Now Playing: “Slow” by Kylie Minogue

This is kind of embarrassing for me, really. I had finished writing this week's article on the subject of awkward situations that I've somehow gotten myself into solely by virtue of being me. Then I went away for the weekend for a fun and/or exciting trip to Whistler (Official Motto: “You'll Never Want To Leave Unless You Run Out Of Money”). So I couldn't send this week's newsletter out on time. Of course, I was told that if I explained this in the introduction then nobody would believe me, and it would be really awkward because all my readers would think I'm a liar. How ironic. Here's what happened:

-A really weird thing happened to me a few days ago: I had a substitute teacher. The last time I had one of those must have been tenth grade. Usually, if the teacher's away, class is just cancelled. So it turns out I've forgotten how to behave around a substitute teacher. I kept making paper airplanes and passing MASH notes around the class. I think I might have gotten a detention.

-Off-Topic Corner Resurrected: Why do eggs have expiry dates? I have a dozen that are dated September 9th. Are they going to hatch?

-I was at Wal-Mart and there was a guy at the front door who was selling Remembrance Day Poppies. I paid a dollar and took one, pinned it to my chest, and before I had finished shopping I had already lost it. So I found myself in this really uncomfortable situation: I didn't want to go make another donation, since I had already given more than my fair share. I also didn't want to go and steal a poppy or beg for a free one. It ruined my whole day. Stupid war veterans.

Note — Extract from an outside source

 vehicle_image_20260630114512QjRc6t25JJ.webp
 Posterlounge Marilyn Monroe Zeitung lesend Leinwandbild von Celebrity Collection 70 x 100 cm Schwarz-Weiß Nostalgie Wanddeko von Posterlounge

-Professors are always whining that nobody ever comes to see them during their office hours. So I felt really bad for a prof and actually went to their office. That's when I realized WHY nobody ever goes to visit profs: They're assholes. I'm sitting there trying to make pleasant conversation and he just keeps staring at me and making me feel like crap. It was like every first date I've ever been on. I don't need this kind of pressure.

-Quote of the Moment: Against all common sense, I went and visited a professor during his office hours. I could sense he was trying to get rid of me, so I asked him if he had another appointment. He said: “No, but the sooner you get out of here the sooner I can hit the bar.” Prof, if you're reading this, you know who you are. I took an extra Werther's Original from your candy jar. I'm not even a little bit sorry.

-I was on the bus and this girl sat down beside me. So obviously I turned my head to see what she looked like. Just as I did, she caught me staring at her and we both turned away from each other. The rest of the bus ride was like a game of ‘Red Light – Green Light', where every time one of us would look away the other would turn to stare. I think she likes me. Most people would be put off by the restraining order. I call those people ‘quitters'.

-Ever go to a restaurant with a friend and you sit down and open your menus and then your friend says, nonchalantly: “I'm not really hungry”? Why the hell did we go to a restaurant, then? How stupid are you? And then you have to pretend you're not hungry either, and you say some total lie like: “It's ok. I was just going to have a salad.” so you're not faced with the trauma of having a friend sit there and watch you eat, say, spaghetti. Because you just KNOW you'd get it all over yourself. I say, if you're going to a restaurant with someone, you both have to order the exact same thing. That way it's not like playing Russian Roulette with food.

-More Off-Topic Corner: Why are the bailiffs on all television court shows African-American? Are they just trying to copy ‘Night Court'?

-If there's one thing worse than seeing somebody you know and not remembering their name or how you know them, it's seeing somebody you think you know and mistaking them for someone else. I'm always saying things like: “Hey, Frank. Are you going home to Vancouver for the weekend?” and they'll answer: “My name's not Frank. It's Jessica. And I don't live in Vancouver. And didn't I already get a restraining order on you?”

-And, finally, I just wanted to let you all in on this great email I received today. It's from this woman named ‘Cynthia' and she promises to add ‘Up to 3 inches to my penis'. So I emailed her back asking ‘Why would I want a 14-inch penis?' Then I accidentally cc'd my mom. It's been a long week.